• _What you need to do_: Lines from the first one down to the one containing "Increase Amazon Sales" in the data below are the only ones needed; please return them exactly, both ends included.

Records drawn from a dataset:
= = = = =

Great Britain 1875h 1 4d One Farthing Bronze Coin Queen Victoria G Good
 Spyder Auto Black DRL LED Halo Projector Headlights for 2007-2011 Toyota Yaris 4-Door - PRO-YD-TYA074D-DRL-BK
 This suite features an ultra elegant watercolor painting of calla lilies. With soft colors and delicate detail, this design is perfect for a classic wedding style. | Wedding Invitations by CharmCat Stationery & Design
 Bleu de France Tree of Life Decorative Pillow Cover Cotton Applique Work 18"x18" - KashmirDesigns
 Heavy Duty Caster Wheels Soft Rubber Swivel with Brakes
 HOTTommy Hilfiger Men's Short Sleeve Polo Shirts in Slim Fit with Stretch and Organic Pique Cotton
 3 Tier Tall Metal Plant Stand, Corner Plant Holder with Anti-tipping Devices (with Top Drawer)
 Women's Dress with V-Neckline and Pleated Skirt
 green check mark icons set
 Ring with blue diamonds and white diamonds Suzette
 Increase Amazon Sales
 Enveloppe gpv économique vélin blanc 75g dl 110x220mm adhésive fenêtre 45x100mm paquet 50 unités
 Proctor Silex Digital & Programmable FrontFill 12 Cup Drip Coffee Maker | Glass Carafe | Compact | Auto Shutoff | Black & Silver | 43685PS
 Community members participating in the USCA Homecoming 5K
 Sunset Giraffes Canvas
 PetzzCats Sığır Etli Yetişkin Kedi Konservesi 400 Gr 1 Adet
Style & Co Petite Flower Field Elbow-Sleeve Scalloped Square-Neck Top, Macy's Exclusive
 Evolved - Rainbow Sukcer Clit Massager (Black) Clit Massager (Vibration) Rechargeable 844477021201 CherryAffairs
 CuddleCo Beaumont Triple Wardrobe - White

= = = = =

• _Solution for this task_:
Great Britain 1875h 1 4d One Farthing Bronze Coin Queen Victoria G Good
 Spyder Auto Black DRL LED Halo Projector Headlights for 2007-2011 Toyota Yaris 4-Door - PRO-YD-TYA074D-DRL-BK
 This suite features an ultra elegant watercolor painting of calla lilies. With soft colors and delicate detail, this design is perfect for a classic wedding style. | Wedding Invitations by CharmCat Stationery & Design
 Bleu de France Tree of Life Decorative Pillow Cover Cotton Applique Work 18"x18" - KashmirDesigns
 Heavy Duty Caster Wheels Soft Rubber Swivel with Brakes
 HOTTommy Hilfiger Men's Short Sleeve Polo Shirts in Slim Fit with Stretch and Organic Pique Cotton
 3 Tier Tall Metal Plant Stand, Corner Plant Holder with Anti-tipping Devices (with Top Drawer)
 Women's Dress with V-Neckline and Pleated Skirt
 green check mark icons set
 Ring with blue diamonds and white diamonds Suzette
 Increase Amazon Sales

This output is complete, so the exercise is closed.